### Requirement
Go over the entries below line by line, copying each one that contains the word "High".

### Records drawn from a dataset
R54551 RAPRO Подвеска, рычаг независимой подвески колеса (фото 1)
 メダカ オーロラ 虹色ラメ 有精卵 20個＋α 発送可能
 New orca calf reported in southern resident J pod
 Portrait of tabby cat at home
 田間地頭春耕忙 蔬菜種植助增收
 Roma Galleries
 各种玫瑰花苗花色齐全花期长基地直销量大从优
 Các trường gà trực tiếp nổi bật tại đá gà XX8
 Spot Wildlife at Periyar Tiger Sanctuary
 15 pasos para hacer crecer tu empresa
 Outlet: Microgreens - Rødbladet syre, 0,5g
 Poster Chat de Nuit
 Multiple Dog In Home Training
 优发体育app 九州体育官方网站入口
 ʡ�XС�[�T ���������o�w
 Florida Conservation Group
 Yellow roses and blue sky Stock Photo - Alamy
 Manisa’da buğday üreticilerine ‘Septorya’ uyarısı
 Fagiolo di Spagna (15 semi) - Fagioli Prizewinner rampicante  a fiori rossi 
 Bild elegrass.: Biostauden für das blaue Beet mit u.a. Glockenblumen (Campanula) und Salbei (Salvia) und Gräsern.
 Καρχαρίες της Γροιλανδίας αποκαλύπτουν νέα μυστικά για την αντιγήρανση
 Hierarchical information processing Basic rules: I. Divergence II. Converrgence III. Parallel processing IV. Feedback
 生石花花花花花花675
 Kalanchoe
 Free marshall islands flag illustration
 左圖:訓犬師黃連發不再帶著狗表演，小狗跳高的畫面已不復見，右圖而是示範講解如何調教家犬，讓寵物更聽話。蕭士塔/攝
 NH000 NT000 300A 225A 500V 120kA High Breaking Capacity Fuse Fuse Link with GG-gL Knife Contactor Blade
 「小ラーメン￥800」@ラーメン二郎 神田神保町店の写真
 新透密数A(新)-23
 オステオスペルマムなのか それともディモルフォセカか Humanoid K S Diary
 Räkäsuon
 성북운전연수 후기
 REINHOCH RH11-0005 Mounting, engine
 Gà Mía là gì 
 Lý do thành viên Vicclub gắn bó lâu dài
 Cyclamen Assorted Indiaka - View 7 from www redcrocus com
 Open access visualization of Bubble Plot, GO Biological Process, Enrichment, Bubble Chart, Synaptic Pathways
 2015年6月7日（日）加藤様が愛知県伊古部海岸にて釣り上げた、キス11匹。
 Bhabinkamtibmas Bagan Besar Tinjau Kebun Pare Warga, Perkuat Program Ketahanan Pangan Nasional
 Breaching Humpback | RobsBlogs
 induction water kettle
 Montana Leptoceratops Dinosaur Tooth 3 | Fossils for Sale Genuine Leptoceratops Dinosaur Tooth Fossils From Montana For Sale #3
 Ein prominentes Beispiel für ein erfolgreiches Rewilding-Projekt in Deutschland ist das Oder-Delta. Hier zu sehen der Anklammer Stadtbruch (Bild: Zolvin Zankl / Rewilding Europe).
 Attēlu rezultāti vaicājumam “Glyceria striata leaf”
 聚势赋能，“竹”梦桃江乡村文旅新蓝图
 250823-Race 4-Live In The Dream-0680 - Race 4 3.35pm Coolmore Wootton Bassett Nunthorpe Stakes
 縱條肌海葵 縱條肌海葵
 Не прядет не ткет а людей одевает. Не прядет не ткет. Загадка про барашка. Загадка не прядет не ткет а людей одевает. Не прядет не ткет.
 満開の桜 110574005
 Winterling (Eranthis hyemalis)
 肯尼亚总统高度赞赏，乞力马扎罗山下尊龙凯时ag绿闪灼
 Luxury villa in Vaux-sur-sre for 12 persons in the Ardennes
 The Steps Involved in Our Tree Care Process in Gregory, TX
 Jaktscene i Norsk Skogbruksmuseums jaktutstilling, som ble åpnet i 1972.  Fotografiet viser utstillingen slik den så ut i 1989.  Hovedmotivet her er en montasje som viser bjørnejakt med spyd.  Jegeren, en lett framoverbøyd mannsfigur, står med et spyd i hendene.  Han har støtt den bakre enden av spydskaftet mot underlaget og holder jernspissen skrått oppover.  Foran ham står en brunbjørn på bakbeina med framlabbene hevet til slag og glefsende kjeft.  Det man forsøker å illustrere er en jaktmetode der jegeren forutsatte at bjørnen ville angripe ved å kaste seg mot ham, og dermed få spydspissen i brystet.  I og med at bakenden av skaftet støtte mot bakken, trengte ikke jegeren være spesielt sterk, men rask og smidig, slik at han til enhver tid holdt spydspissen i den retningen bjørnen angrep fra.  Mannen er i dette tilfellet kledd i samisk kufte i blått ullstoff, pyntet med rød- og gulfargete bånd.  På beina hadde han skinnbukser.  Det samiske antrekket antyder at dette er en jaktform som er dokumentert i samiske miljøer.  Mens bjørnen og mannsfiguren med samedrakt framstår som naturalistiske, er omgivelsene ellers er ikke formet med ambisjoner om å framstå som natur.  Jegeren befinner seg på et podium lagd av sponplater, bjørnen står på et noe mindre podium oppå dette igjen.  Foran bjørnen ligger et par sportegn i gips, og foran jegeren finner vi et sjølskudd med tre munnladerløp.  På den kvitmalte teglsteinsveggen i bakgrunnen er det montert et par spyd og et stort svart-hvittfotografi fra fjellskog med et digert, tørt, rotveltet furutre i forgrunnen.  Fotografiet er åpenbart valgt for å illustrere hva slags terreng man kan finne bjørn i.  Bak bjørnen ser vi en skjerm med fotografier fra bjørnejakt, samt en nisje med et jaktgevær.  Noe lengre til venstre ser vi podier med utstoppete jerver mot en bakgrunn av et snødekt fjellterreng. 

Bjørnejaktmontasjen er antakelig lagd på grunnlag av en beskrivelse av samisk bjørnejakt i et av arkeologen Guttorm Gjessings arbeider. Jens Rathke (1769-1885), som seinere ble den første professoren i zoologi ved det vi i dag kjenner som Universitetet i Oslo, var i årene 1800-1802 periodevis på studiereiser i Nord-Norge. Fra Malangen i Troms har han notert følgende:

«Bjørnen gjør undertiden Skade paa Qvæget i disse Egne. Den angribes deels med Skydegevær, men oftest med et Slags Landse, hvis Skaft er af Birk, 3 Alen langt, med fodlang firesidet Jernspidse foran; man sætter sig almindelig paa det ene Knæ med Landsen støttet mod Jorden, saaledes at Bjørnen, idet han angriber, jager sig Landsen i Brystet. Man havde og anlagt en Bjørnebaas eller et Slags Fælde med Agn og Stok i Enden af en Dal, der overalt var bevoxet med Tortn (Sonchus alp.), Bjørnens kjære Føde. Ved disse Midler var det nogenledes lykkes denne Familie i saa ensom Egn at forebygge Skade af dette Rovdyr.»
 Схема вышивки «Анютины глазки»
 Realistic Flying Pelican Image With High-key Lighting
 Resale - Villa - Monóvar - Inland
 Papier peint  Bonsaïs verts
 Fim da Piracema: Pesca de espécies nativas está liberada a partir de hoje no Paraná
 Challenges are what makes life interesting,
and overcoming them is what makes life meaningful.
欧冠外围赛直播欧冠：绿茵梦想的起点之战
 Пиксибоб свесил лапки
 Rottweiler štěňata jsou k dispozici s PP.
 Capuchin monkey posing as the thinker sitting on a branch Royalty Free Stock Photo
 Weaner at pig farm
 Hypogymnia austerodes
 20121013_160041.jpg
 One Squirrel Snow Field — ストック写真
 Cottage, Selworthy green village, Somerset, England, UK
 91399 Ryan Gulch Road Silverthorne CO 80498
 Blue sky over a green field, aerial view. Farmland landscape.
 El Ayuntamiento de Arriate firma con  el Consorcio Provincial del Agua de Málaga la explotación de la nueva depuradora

### Reply
 NH000 NT000 300A 225A 500V 120kA High Breaking Capacity Fuse Fuse Link with GG-gL Knife Contactor Blade
 Realistic Flying Pelican Image With High-key Lighting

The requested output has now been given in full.